Она умела быть молодой, не молодясь отнюдь, а сохраняя какую-то удивительную душевную молодость и интерес к жизни, и ее карие глаза так и были до последних дней живыми, искрящимися, а на слово она была зла и остра.
Бывала я уже и в милом, гостеприимном доме Антокольского, куда в любое время дня и ночи могли ввалиться гости из Грузии или из Киева и быть обласканы, накормлены, напоены в маленькой столовой с кобальтовыми стенами, овальным столом и большим диваном красного дерева. А из открытой двери из кабинетика Павлика, с полок, глядели такие уютные томики французских поэтов, одетые в кожу, и гипсовая маска, снятая с мертвого Вахтангова, и фотографии живого Вахтангова, и портрет хозяйки дома актрисы Вахтанговского театра Зои Бажановой, с прямыми льняными волосами, падающими ей на лицо. И сам Павлик — маленький, шумливый, и для нас — тех давних, молодых, — Павлик, и для нынешних молодых — в свои восемьдесят лет — тоже был Павлик, все с такими же горящими безумным огнем глазами, удивленно и жадно глядящими на мир.
Была я однажды и у Твардовского, только недавно переехавшего из Смоленска, в его единственной комнатушке в коммунальной квартире, где дощатый пол был выскоблен до блеска руками Марии Илларионовны, где у стены стоял стол простой, некрашеный, со шкапчиком, какие ставились на кухне и на табуретке спиной к окну — Александр Трифонович в косоворотке, худенький и очень миловидный какой-то еще юношеской миловидностью, хотя уже отец семейства и уже автор известной поэмы «Страна Муравия», подобрав ноги под табурет, глядя очень внимательно и прямо в глаза, внушал мне, что я лукавлю и только из вежливости делаю вид, что мне нравится его «Страна Муравия» — я горожанка, от асфальта, и не могу любить Некрасова и чувствовать его, Твардовского, стихи; и что у Некрасова мне могут нравиться разве только «Русские женщины», а он, Твардовский, «Русских женщин» еще не написал…
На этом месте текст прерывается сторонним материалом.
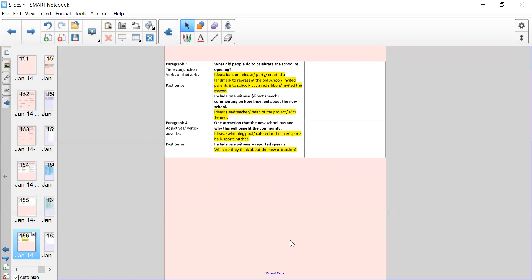You've then got paragraph four. I want you to really focus on adjectives, verbs, and adverbs. That doesn't mean that these don't have to be present in the other paragraphs, but just as a checklist. This paragraph is going to be about one attraction that the new school has. This can be something different. You could have a swimming pool, a cafeteria, a theatre, a sports hall, sports pitches, something that the new school has that will benefit the community that the old school didn't have. Include one witness and that will be reported speech. What do they think about the new attraction? This could be children. Are they excited about the new attraction? Parents, teachers, all of those people we discussed last week who might be involved in the reopening of a new school.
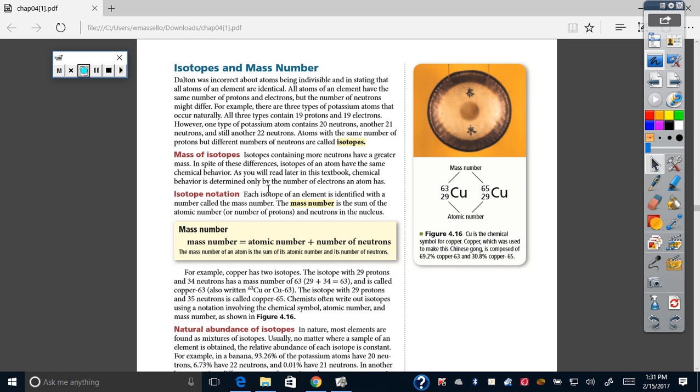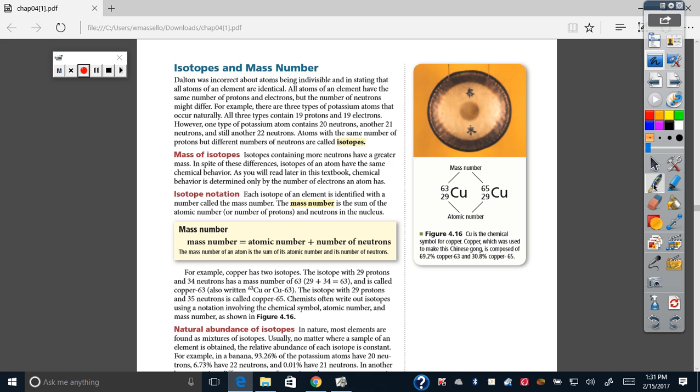Okay, people. The mass number, the atomic number. The mass number, it says right here, of an atom is the sum of its atomic number and the number of protons. So what is the atomic number really? It tells you the number of protons.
Была я знакома уже в те годы по Литературному институту и с Луговским, и со Светловым, и прочими, прочими известными и неизвестными, прославленными и непрославленными писателями и поэтами. Теперь мне предстояло встретиться с Цветаевой.
Что я о ней знала, кроме ее стихов? Да, собственно говоря, ничего. Даже портрета ее никогда не видела. Знала только то, что она была эмигранткой, а теперь вернулась. Вернулись же Игнатьев, и Билибин, и Куприн, вернулась и она. Художники привозили свои картины — материальные ценности. Куприн был стар, дряхл, он приехал умирать. Говорили, что кто-то там на самом верху увлекался в молодости его «Ямой» и «Поединком».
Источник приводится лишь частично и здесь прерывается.